Joshua Wren, Texas prisoner # 01982778, appeals the magistrate judge’s denial of his motion for appointment of counsel. This court must examine the basis of its jurisdiction on its own motion if necessary. Mosley v. Cozby, 813 F.2d 659, 660 (5th Cir. 1987). Although an order denying the appointment of counsel in a civil rights action is immediately appealable, Robbins v. Maggio, 750 F.2d 405, 413 (5th Cir. 1985), if that order was issued by a magistrate judge and the parties have not consented to proceed before a magistrate judge, the order must first be appealed to the district court. 28 U.S.C. § 636(b)(1)(A),(c)(1),(c)(3); see Alpine View Co. v. Atlas Copco AB, 205 F.3d 208, 219-20 (5th Cir.2000). Otherwise, this court lacks jurisdiction to review the magistrate judge’s order. United States v. Renfro, 620 F.2d 497, 500 (5th Cir. 1980).
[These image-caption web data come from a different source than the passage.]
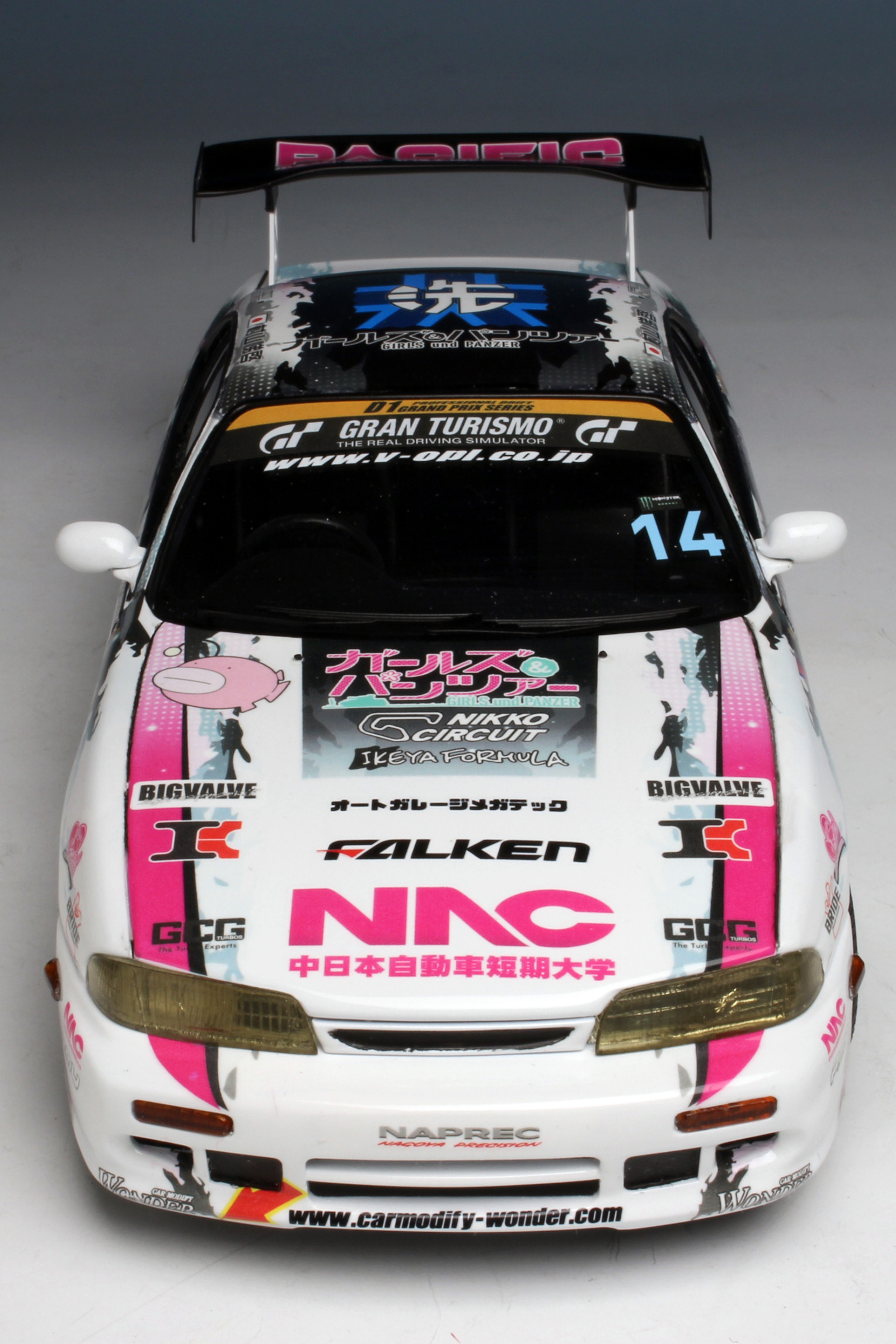 ץå 륺ѥĥ 1/24 PACIFIC RACING NAC S14 D1ץ - ɥĤ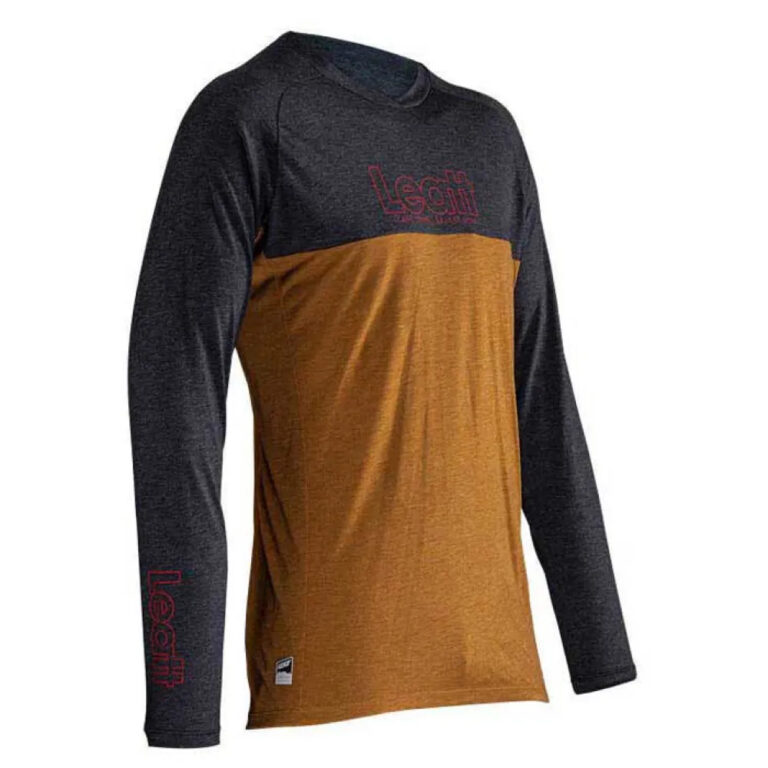 Leatt MTB Gravity 2.0 Long Sleeve Jersey L Peanut - 2XL Peanut - Image 3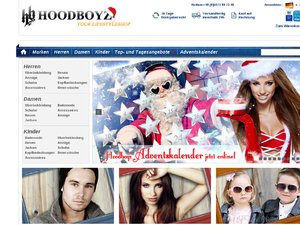 Hoodboyz UK website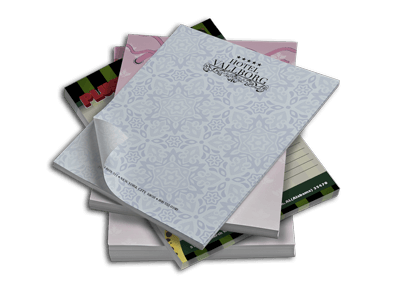 Custom Notepads Printing in Huntsville, AL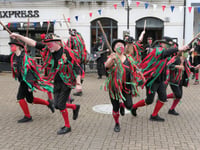 Join in with Morris dancing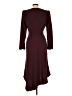A.L.C. Burgundy Cocktail Dress Size 10 - photo 2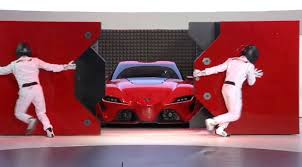 toyota ft 1 concept reveal 2014 naias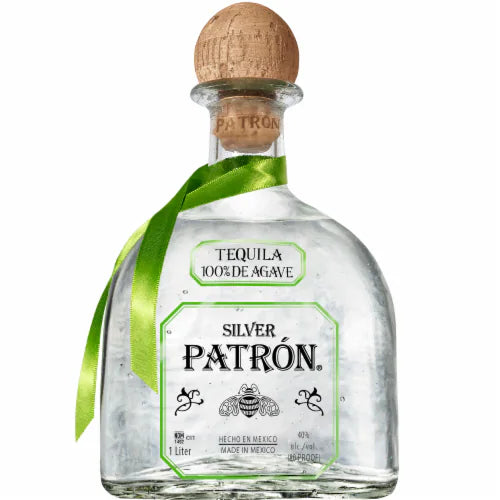 PATRON SILVER TEQUILA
The record does not indicate that the parties consented to proceed before a magistrate judge or that the district court ruled on Wren’s objections and issued its own order on the motion for appointment of counsel. Therefore, we dismiss Wren’s appeal for lack of jurisdiction.

APPEAL DISMISSED. 
      
       Pursuant to 5th Cir. R. 47.5, the court has determined that this opinion should not be published and is not precedent except under the limited circumstances set forth in 5th Cir. R. 47.5.4.